Some peer to peer application are
govern by rules and protocols:
* Routing to reach other peer
* Resource management
* Decision making based on facts and
environment behavior
* Distribute load among other peer
Rationality vs Self interest
Based on the example on this paper,
running the auction on a large peer-to-peer network, initially you will. Be
announcing the bidding for the auction and you are waiting for a lot of bids.
But unfortunately there are only three bidders only to find out that they are
your direct neighbors, for their self interest of this neighbor they did
not forward the advertisement for the auction. This example illustrates
basic problem of peer-to-peer network for rationality vs self
interest.
Rationality in peer-to-peer network
Free rider problem:
“A free rider receives the benefit of everyone else's
cooperation without having to cooperate himself. Think of a single person in
the community who doesn't pay his taxes; he gets all the benefits of the public
institutions those taxes pay for—police and fire departments, road construction
and maintenance, regulations to keep his food and workplace safe, a
military—without having to actually pay for them.” [1]

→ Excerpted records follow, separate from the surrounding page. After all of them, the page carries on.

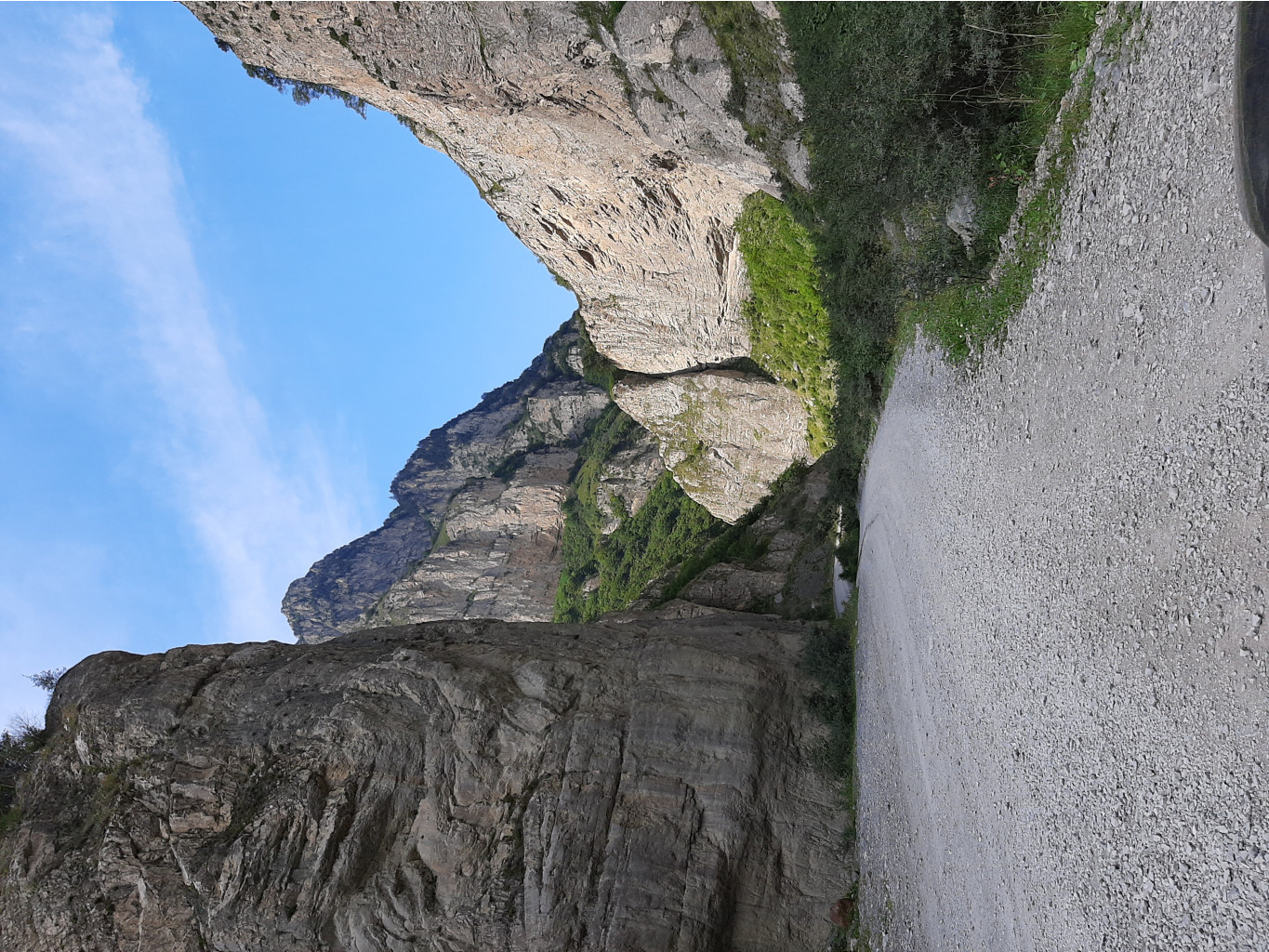 20210804 141959 — .jpg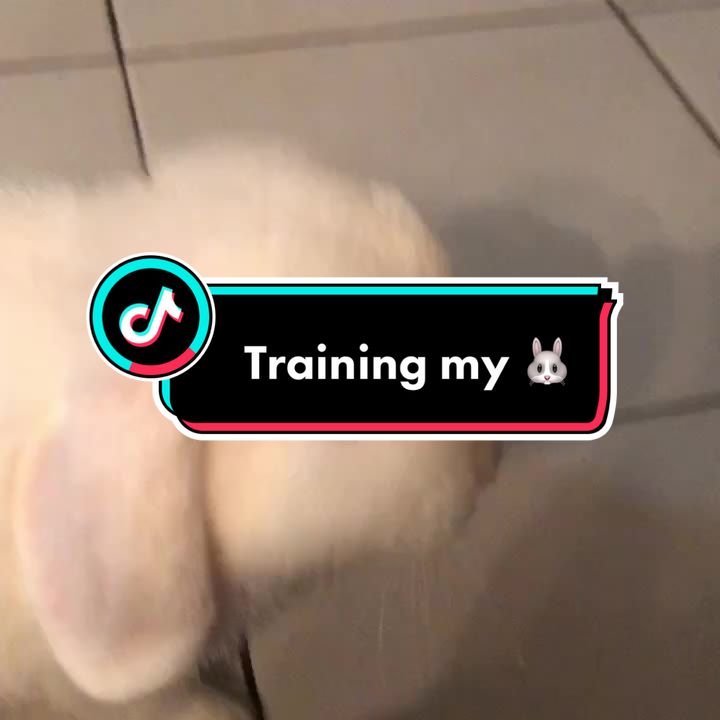 @Arcticbadbunny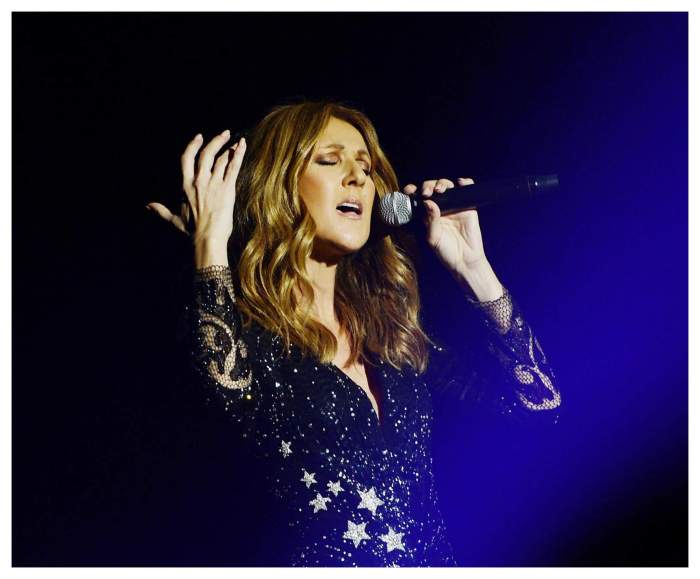 Celine Dion la concert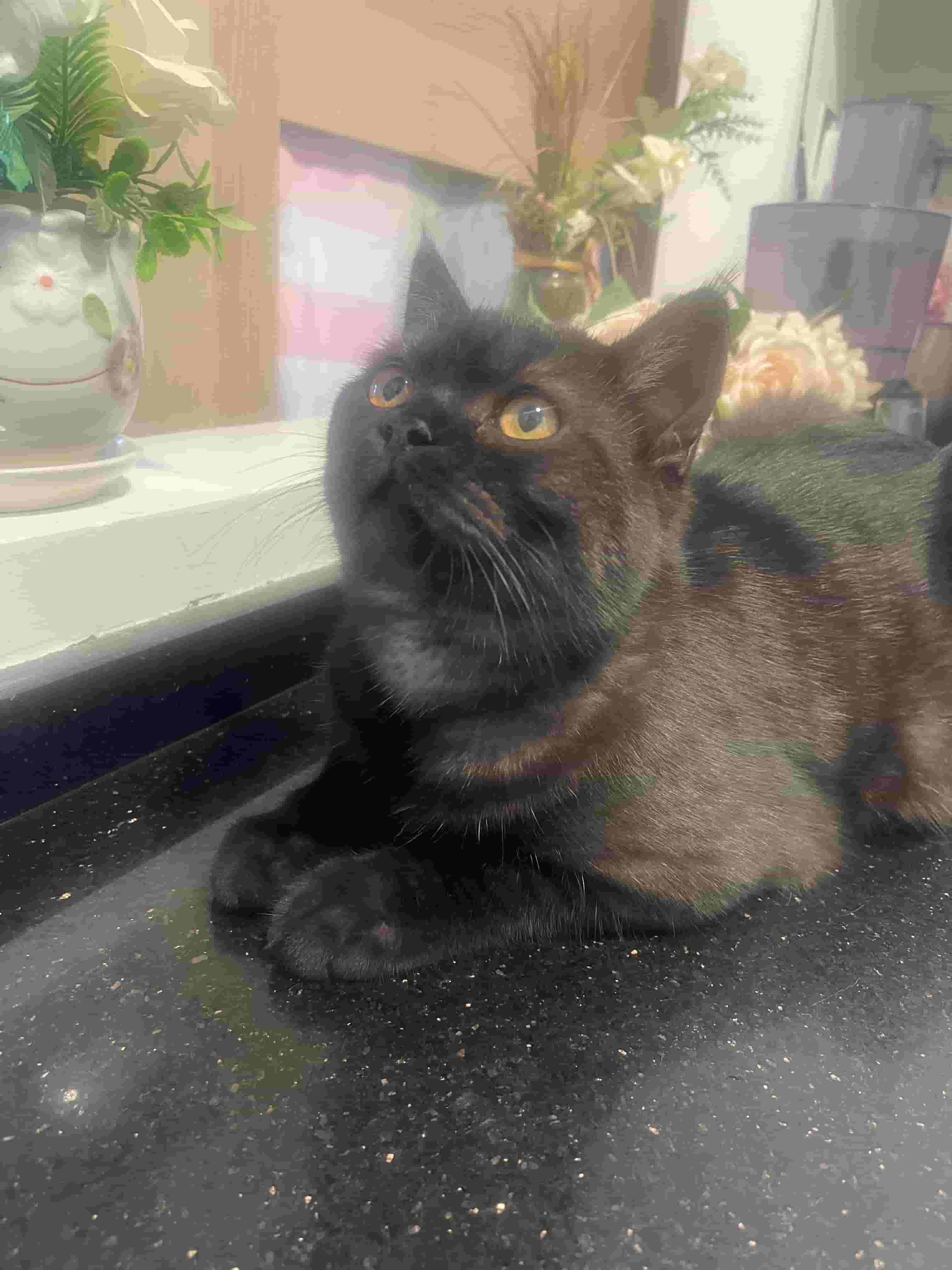 British short hair cat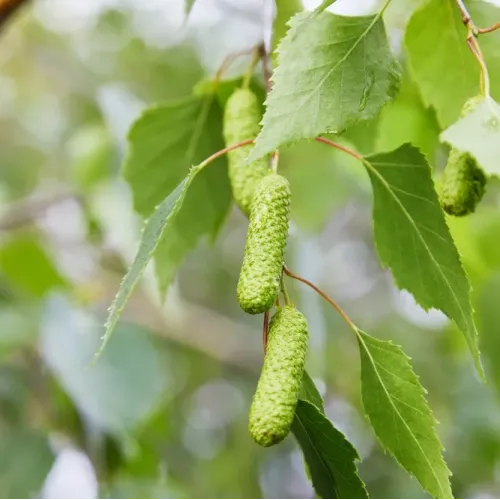 Mesteacăn alb - Betula alba , diametru tulpina 16/18 , ghiveci 55lt Mesteacăn alb - Betula alba , diametru tulpina 16/18 , ghiveci 55lt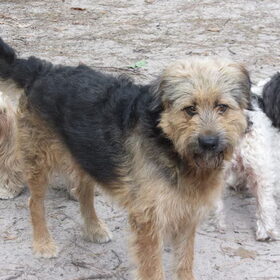 Hondenfoto van liesbeth,Turbo,Luna, Levi en Faith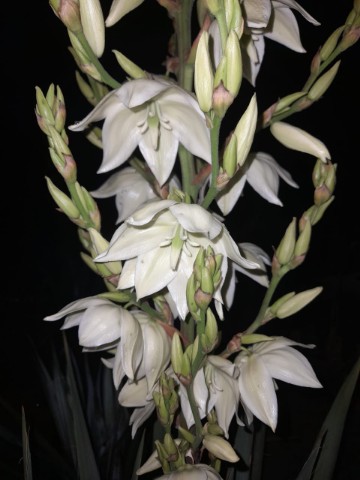 Loveflowers в LOOKY. #юкка,#красивыйсад,#экзотическиецветы,#цветыпочтой. Юкка!!! Не обычный ц...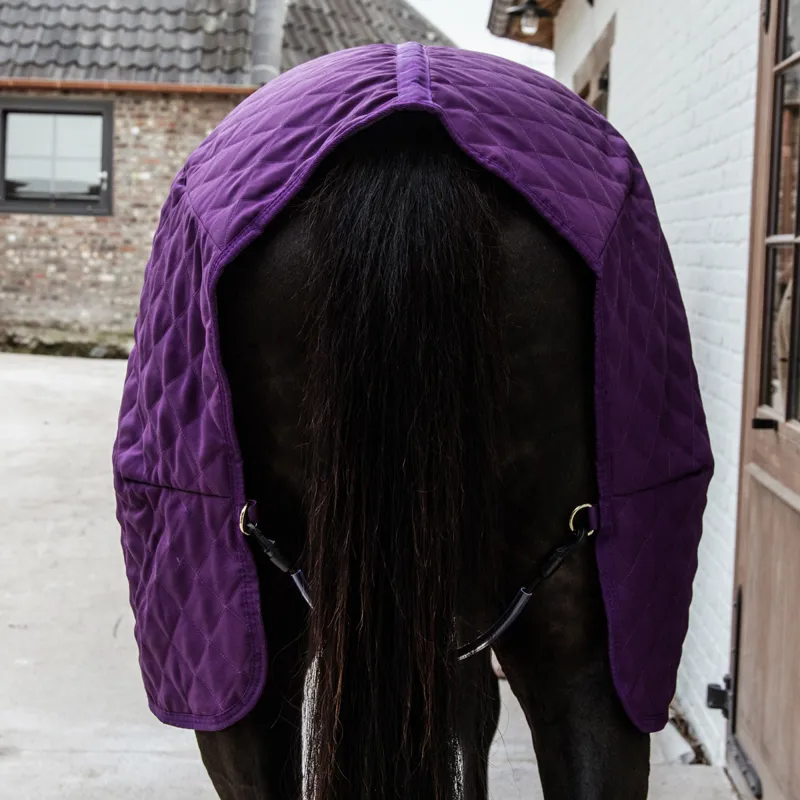 Kentucky 160g Show Rug - Royal Purple-3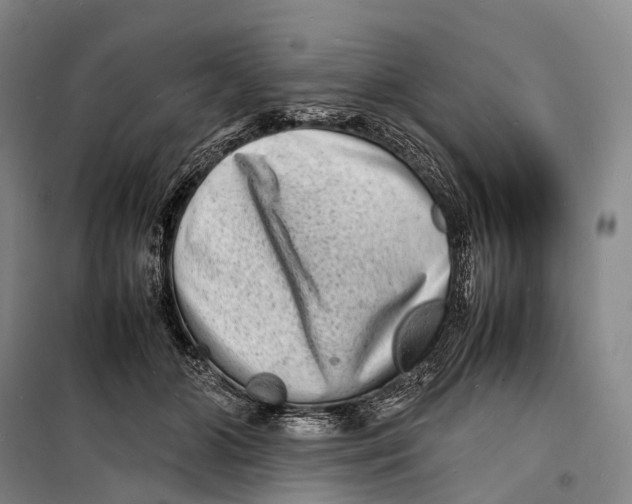 X0000098220510200805151320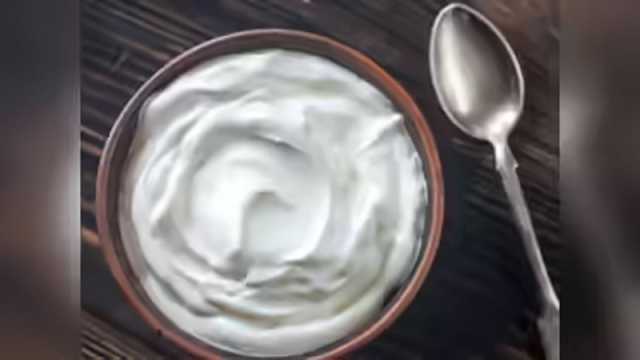 বর্ষাকালে দই খাওয়া কি ঠিক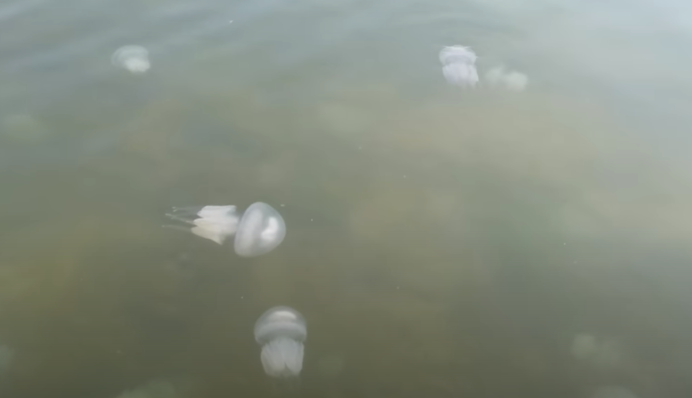 Епічне повернення медуз: на популярному українському курорті туристи не можуть зайти в море, відео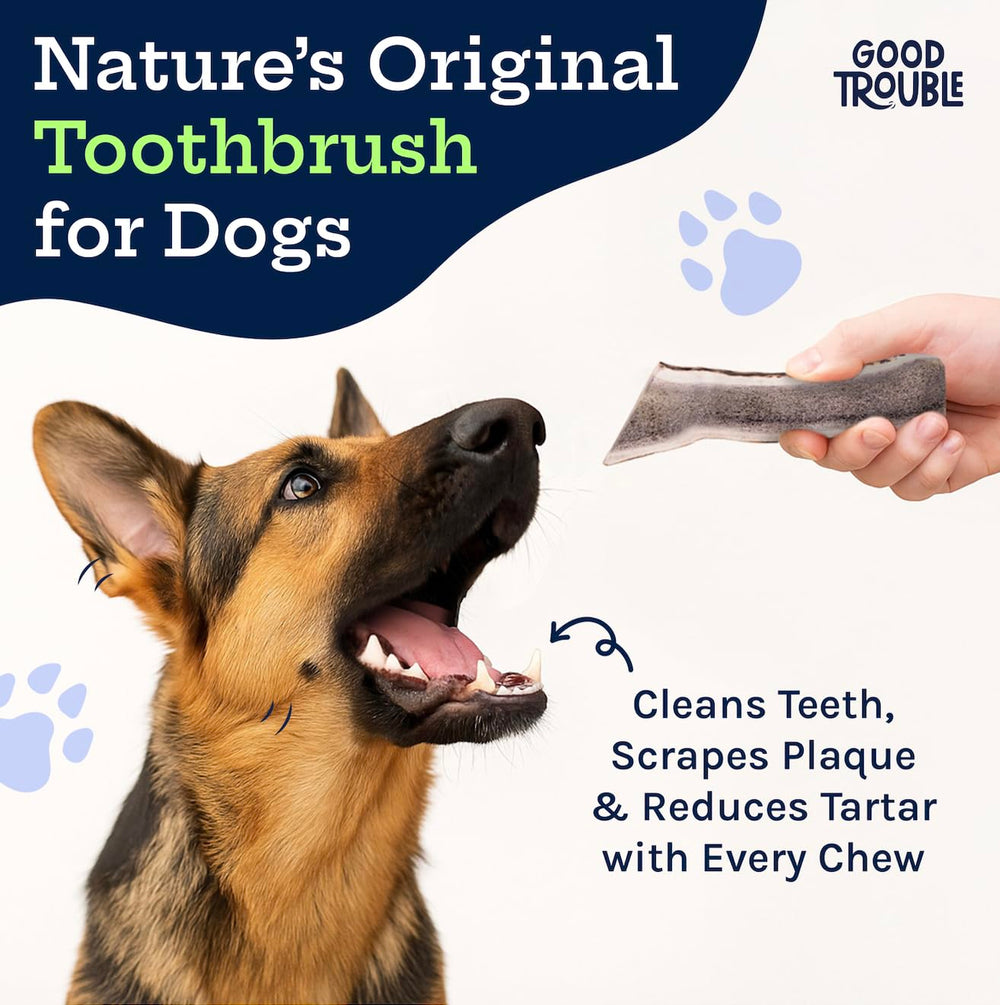 Good Trouble procedencia norteamericana sostenible, opción libre de crueldad para tu mascota.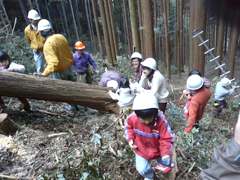 伐採見学会、やります。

Tragedy of the commons problems:
“A Tragedy of the Commons occurs whenever a group shares a
limited resource: not just fisheries, but grazing lands, water rights, time on
a piece of shared exercise equipment at a gym, an unguarded plate of cookies in
the kitchen. In a forest, you can cut everything down for maximum short-term
profit, or selectively harvest for sustainability. Someone who owns the forest
can make the trade-off for himself, but when an unorganized group together owns
the forest there's no one to limit the harvest, and a Tragedy of the Commons
can result” [1]
In peer-to-peer system nodes that do
not produce the same level of their consumption are considered leechers, while
peers that share the their resources to provide a better performance.
Another example peer to peer clients
that deflect from protocols for their own interest are the user that develop
their own client program that will deflect on the protocols and will circumvent
the network for their own self interest.